Het standpunt van eiser, dat hij verkeerd is voorgelicht over zijn Nederlandse paspoort door medewerkers van de Nederlandse ambassade en hierop heeft mogen afgaan, ziet de rechtbank als een beroep op het vertrouwensbeginsel. Daarnaast doet eiser een beroep op het evenredigheidsbeginsel en stelt dat verweerder geen (goede) belangenafweging heeft gemaakt.
4.2.
De rechtbank is hierover van oordeel dat volgens vaste rechtspraak de RWN limitatief bepaalt in welke gevallen het Nederlanderschap wordt verkregen, dan wel verloren.
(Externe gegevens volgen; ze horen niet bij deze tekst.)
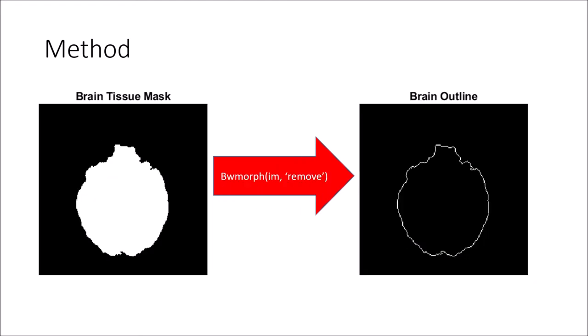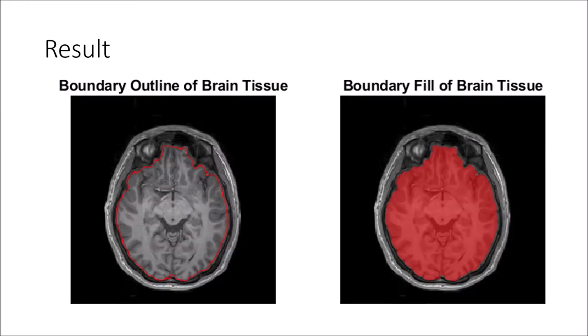Using MATLAB's binary morphology function, we keep only the outlying boundary of pixels. Here is the result overlaid with the original scan.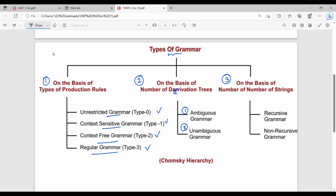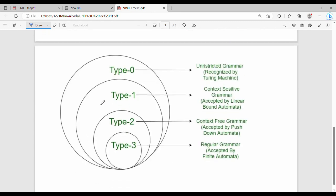On the basis of the number of strings, we classify grammar as recursive. You can learn CFG as type 2, and regular grammar from previous units. From the diagram, you can understand that type 3 is regular grammar, and type 3 is a subset of type 2, which is context free grammar.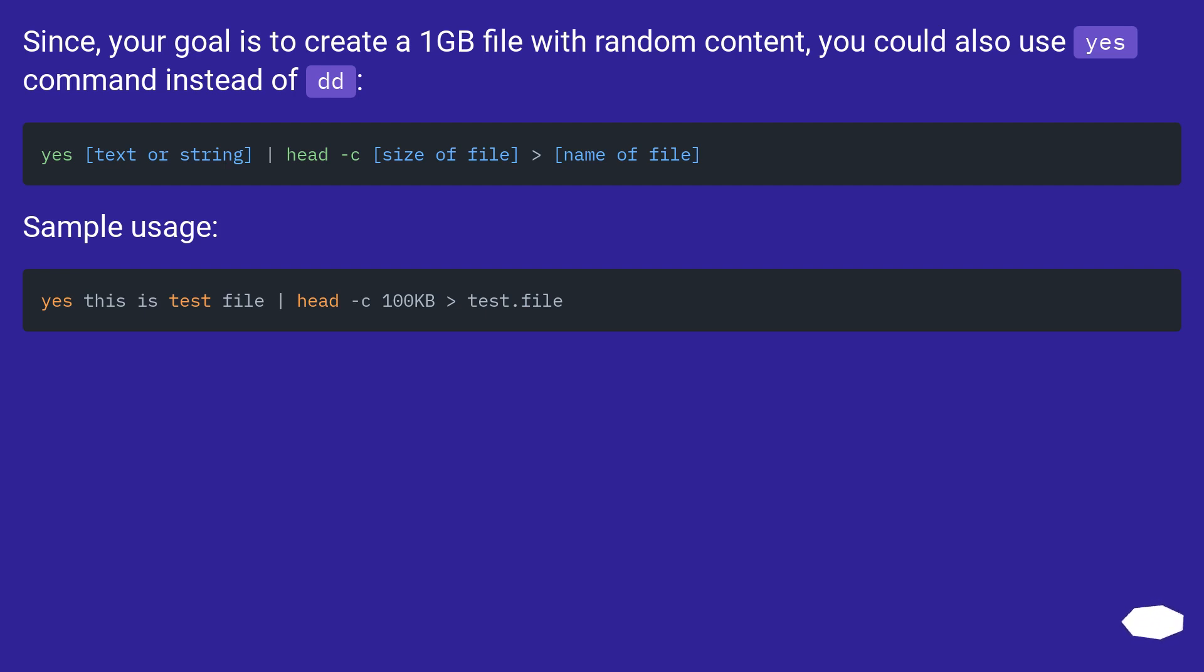You could also use the yes command instead of dd. Sample usage:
Dit betekent dat het Nederlanderschap niet kan worden verkregen en ook niet kan worden behouden door de werking van een algemeen beginsel van behoorlijk bestuur, zoals het vertrouwensbeginsel [3] en het evenredigheidsbeginsel. Deze beroepsgrond van eiser slaagt hierom al niet.
4.3.
Verder is de rechtbank van oordeel dat verweerder een deugdelijke Unierechtelijke evenredigheidsbeoordeling heeft gemaakt. Verweerder stelt terecht dat de evenredigheid moet worden beoordeeld naar het moment van het van rechtswege verliezen van het Nederlanderschap, en daarmee van het Unieburgerschap, met dien verstande dat niet alleen de gevolgen van het verlies van het Nederlanderschap die zich reeds op dat moment hadden gemanifesteerd dienen te worden betrokken, maar ook de gevolgen die op dat moment redelijkerwijs voorzienbaar waren. Door eiser is niet gesteld dat hij ten tijde van het verlies van zijn Nederlanderschap (1 april 2013) substantieel gebruik maakte van het recht van vrij verkeer en verblijf in de Europese Unie. Sterker nog, volgens het verslag van de hoorzitting in bezwaar is namens eiser gezegd dat hij in 2013 geen concrete plannen had om naar Nederland te gaan. Dat eiser ten tijde van de aanvraag in 2018 overwoog om zich in Nederland te gaan vestigen, is een omstandigheid waarvan niet is gebleken dat die op 1 april 2013 redelijkerwijs voorzienbaar was.
4.4.
Voor zover eiser met zijn stellingen over zijn band met Nederland een beroep heeft willen doen op het recht op privéleven, gezins- en/of familieleven, stelt de rechtbank vast dat eiser dit niet heeft onderbouwd en niet heeft geconcretiseerd. Dat de drie zonen van eiser Nederlander zijn en dat de (directe) familie van eiser in Nederland woont of gaat wonen, zoals namens eiser betoogd tijdens genoemde hoorzitting, is hiervoor onvoldoende. Ook heeft eiser niet gemotiveerd waarom de gestelde gevolgen voor zijn in 2003 geboren dochter van het verlies van eisers Nederlanderschap, voor de behandeling van dit beroep relevant zijn.
5. Het beroep is daarom ongegrond.
6. Voor een proceskostenveroordeling bestaat geen aanleiding.

Beslissing

De rechtbank verklaart het beroep ongegrond.
Deze uitspraak is gedaan door mr. M. van Nooijen, rechter, in aanwezigheid van mr. G.A. Verhoeven, griffier. De uitspraak is uitgesproken in het openbaar op 25 oktober 2021.
griffier
rechter
Een afschrift van deze uitspraak is verzonden aan partijen op:

Bent u het niet eens met deze uitspraak?

Als u het niet eens bent met deze uitspraak, kunt u een brief sturen naar de Afdeling bestuursrechtspraak van de Raad van State waarin u uitlegt waarom u het er niet mee eens bent. Dit heet een beroepschrift. U moet dit beroepschrift indienen binnen 6 weken na de dag waarop deze uitspraak is verzonden. U ziet deze datum hierboven.

Voetnoten

1.Arrest Tjebbes van het Hof van Justitie van de Europese Unie van 12 maart 2019, ECLI:EU:C:2019:189.
2.De uitspraak van de Afdeling bestuursrechtspraak van de Raad van State, ECLI:NL:RVS:2020:423.
3.Het arrest van de Hoge Raad van 19 december 2003, ECLI:NL:HR:2003:AL8544.